The STM is taking immediate steps to improve the commute for people who rely on the Orange metro line: it will add extra trains during rush hour and launch new bus routes.

The line from Laval to downtown Montreal is notoriously overcrowded during the rush hour, with Montreal City Hall saying that metro passengers were frequently packed in like sardines.

Upwards of 20,000 people get on the Orange line between Beaubien and Berri-UQAM each weekday, which the STM says is the busiest stretch of the entire metro system.

Metro riders trying to board at those stops frequently have to wait for several trains to pass before they can get on.

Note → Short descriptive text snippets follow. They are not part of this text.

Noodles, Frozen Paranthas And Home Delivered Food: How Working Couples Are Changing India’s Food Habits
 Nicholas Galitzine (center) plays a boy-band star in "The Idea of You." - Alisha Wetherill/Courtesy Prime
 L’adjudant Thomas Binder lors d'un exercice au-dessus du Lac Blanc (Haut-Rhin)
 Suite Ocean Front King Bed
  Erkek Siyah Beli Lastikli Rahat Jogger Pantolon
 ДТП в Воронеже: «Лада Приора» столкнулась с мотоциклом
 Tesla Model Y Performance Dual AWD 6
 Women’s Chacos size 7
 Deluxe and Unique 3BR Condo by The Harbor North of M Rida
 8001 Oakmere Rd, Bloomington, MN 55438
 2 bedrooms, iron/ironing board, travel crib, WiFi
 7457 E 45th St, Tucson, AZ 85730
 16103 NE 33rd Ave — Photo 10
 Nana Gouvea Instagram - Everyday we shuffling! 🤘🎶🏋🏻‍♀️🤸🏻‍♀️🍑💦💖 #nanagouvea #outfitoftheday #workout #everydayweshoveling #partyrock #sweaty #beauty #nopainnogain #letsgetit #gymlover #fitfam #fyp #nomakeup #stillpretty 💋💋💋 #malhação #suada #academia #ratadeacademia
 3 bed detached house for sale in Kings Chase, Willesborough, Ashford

Over the next few years the western half of the Orange line is expected to get more crowded as REM construction will force riders on the Deux-Montagnes train line to disembark in TMR.

To deal with the flood of commuters, as of September the STM will add extra trains to the line during rush hour and launch several new bus routes.

Two of the trains will leave the Henri Bourassa station, while three others will be waiting on secondary tracks near Cremazie, Berri-UQAM, and Lionel-Groulx in case of delays on one section of tracks.

One bus route, the 445 Papineau Express, will mostly run parallel to the Orange line. It will start at 20th Ave. and Bellechasse St., then go south on Papineau Ave., ultimately ending around Peel and De la Gauchetiere before reversing the journey.

Replacing the 435, the 465 Cote des Neiges Express will run from the Mount Royal train stop along Cote des Neiges to René Levesque and through the downtown core and back.

The 480 will run from Guy and St. Mathieu along René Levesque to Park Ave, then head toward the Park metro station, and the area northwest of that station.

Mayor Valerie Plante said she hoped the options would convince people to ditch their cars and take public transit.

"If the options that are out there are comfortable and fast and efficient, then people will say you know, I'd rather be in a subway that's fast and doesn't stop and not stuck in traffic," said Plante. 

"The more we invest into public transit the more people are interested."

Plante touts Pink line

Plante took the opportunity to reference her signature transit plan, the Pink line.

“We are doing everything we can with the tools that we have, but in the medium and long term there has to be more than that and that comes from other levels of government,” she said.

To date, the Quebec government has shown little interest in the Pink line.

But Plante said more public transit is the best way to get people out of their cars.

“The more we invest into public transit, the more people are interested and feel like, ‘Yeah, I could switch,” said Plante.

The city is spending $1 million this year to study the Pink line. The earliest estimates show the Pink line would not be operational before 2028.


Riders like plans for more service

Riders packed into the Orange line during Monday's commute were happy to hear plans to add more buses.

"I think more bus and reserve lanes would be more cost-effective," said Thomas Doyon, although he preferred trains to buses.

"The advantage of the subway is that it's not affected by the traffic on the surface. I mean it's a constant flow; they control the flow."

One rider, who did not want to give her name, said the Orange line was "insanely crowded, claustrophobic and disgusting," although it was still the easiest way for her to get to work.